Putting kids and caution in perspectiveBeverly Godfrey column: Because I work in a newsroom, it’s often my job to read things I’d rather not. And because I’m a parent, it’s often my job to shield my kids from things I’ve read.
By: Beverly Godfrey, Duluth News Tribune
Because I work in a newsroom, it’s often my job to read things I’d rather not. And because I’m a parent, it’s often my job to shield my kids from things I’ve read.
Any time there’s a big tragedy in the news, advice comes quick on its heels about how to explain it to your kids. I understand the need, but those stories make me mad, too. There are too many people not shielding their children. People didn’t used to know about every horrible thing happening in the world. But I suppose it’s the new normal we need to adapt to. Kids these days have no memory of getting on an airplane without taking off their shoes.
There was a lot of this kind of advice after the school shooting in Newtown, Conn., last year. And, of course, if your kid asks about it, you need to be prepared. My reply is always, “Something really sad happened in the news,
but it was far away from here, and you don’t need to worry about it.”
But sometimes, it seems important to share sad news. Sometimes, it seems like there’s a lesson to be learned, harsh as it is, and I’m not afraid of the occasional cautionary tale.
Last week, 9-year-old Marshawn Kenneth Farr-Robinson lost his feet in St. Paul when he tried to jump on a moving railroad car, according to news accounts. It’s terrible to see such permanent and serious consequences from a child’s mistake. Most people can probably remember doing something equally reckless as children, but for most of us, dumb luck was on our side.
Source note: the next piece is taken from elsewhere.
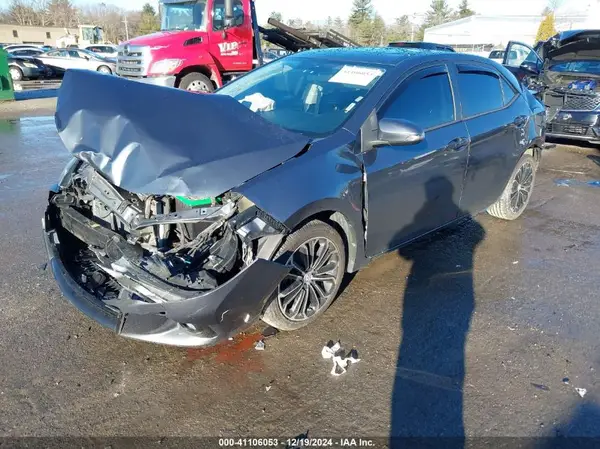 2T1BURHE8GC742535 2016 TOYOTA COROLLA - Image 2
Instead of shielding my kids from a story like this, I will make a point to read it to them. There’s no blaming the victim, but I hope it will help them understand their mom isn’t a nervous Nellie; I am not making this stuff up. When young teenagers are pulled into a rip current off Park Point, I talk about that. When grieving parents describe the effects of synthetic drugs, I’ll talk about that, too.
I tell them about teens who die swimming in dangerous rivers. Of hypothermia victims who went hiking in the woods unprepared. People without life jackets, not wearing seat belts, no helmet.
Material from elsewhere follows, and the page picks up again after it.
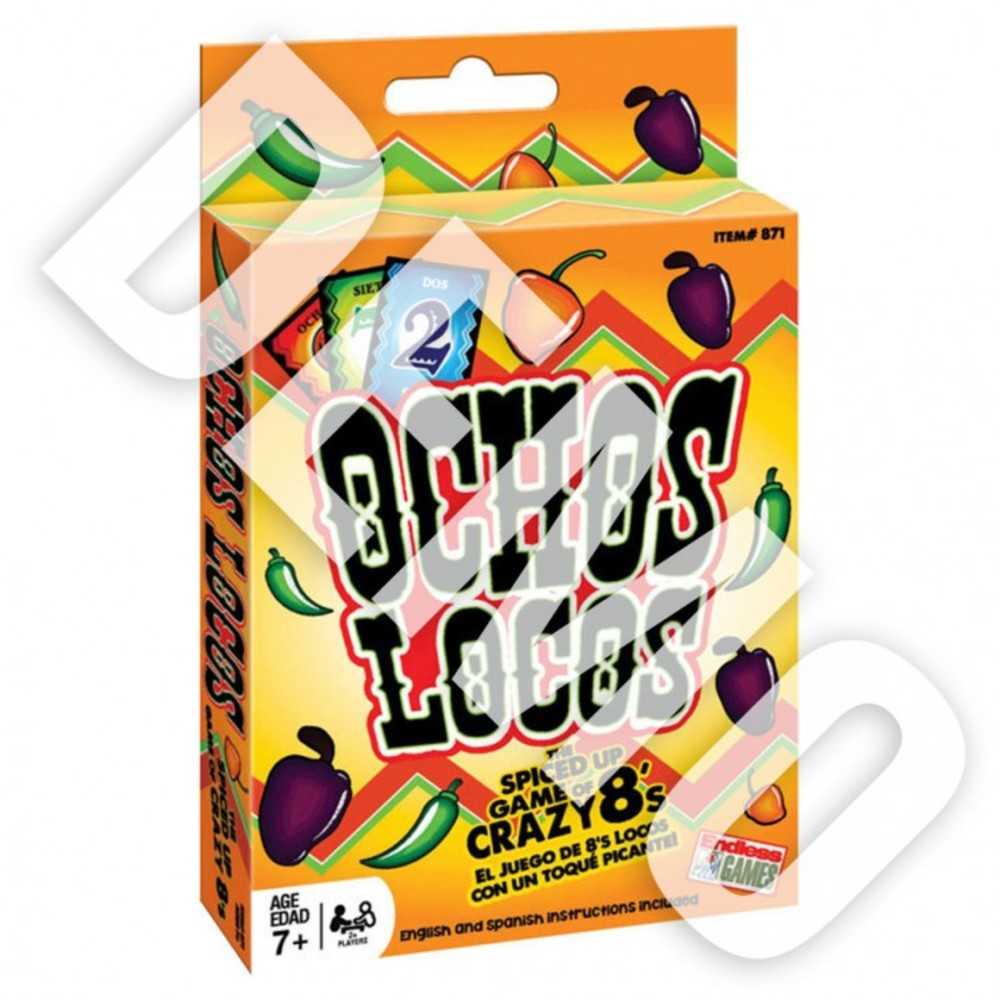 Ochos Locos Demo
But if there’s a terrorist bombing, school shooting, bridge collapse, chemical attack, plane crash or the like, unless it happened right outside our front door, my kids do not need to know. They don’t understand a “one in a million” chance; all they’ll hear is, “This could happen to me.”
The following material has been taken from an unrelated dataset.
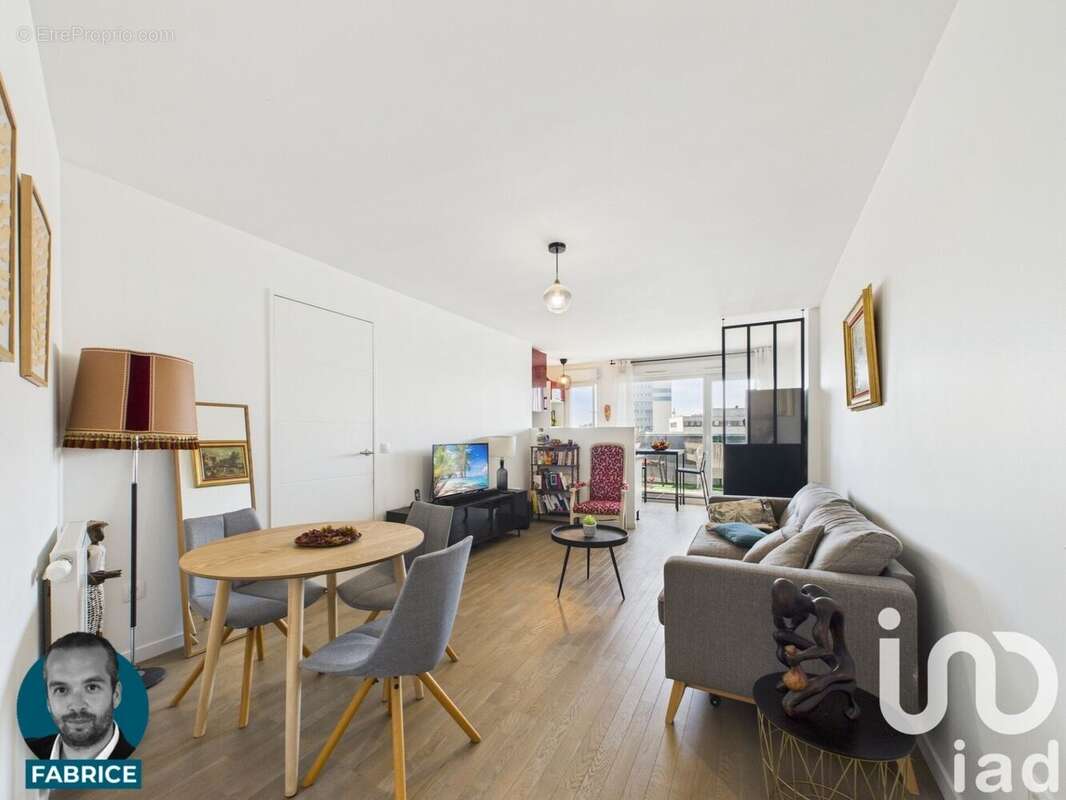 Photo 2 - Appartement à CRETEIL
This is what I’ve always believed, and in writing this, I did read some of those “what to tell your kids” stories that I find so grating. Their advice is similar: Don’t start explaining stuff until they ask, at about age 8 or 9. Reassure them it isn’t happening to them now and won’t in the future. Ask them how they feel; don’t assume or tell them how to feel.
I don’t want them heading back to school thinking they’re somehow responsible to stop school shootings. The generic instructions “Listen to your teacher” should suffice.
Obey the lifeguard. Don’t trespass. Follow the rules. Respect the police. Those are easy lessons to learn. Leave the constant, world-scale devastation kind of stuff to us sorry adults.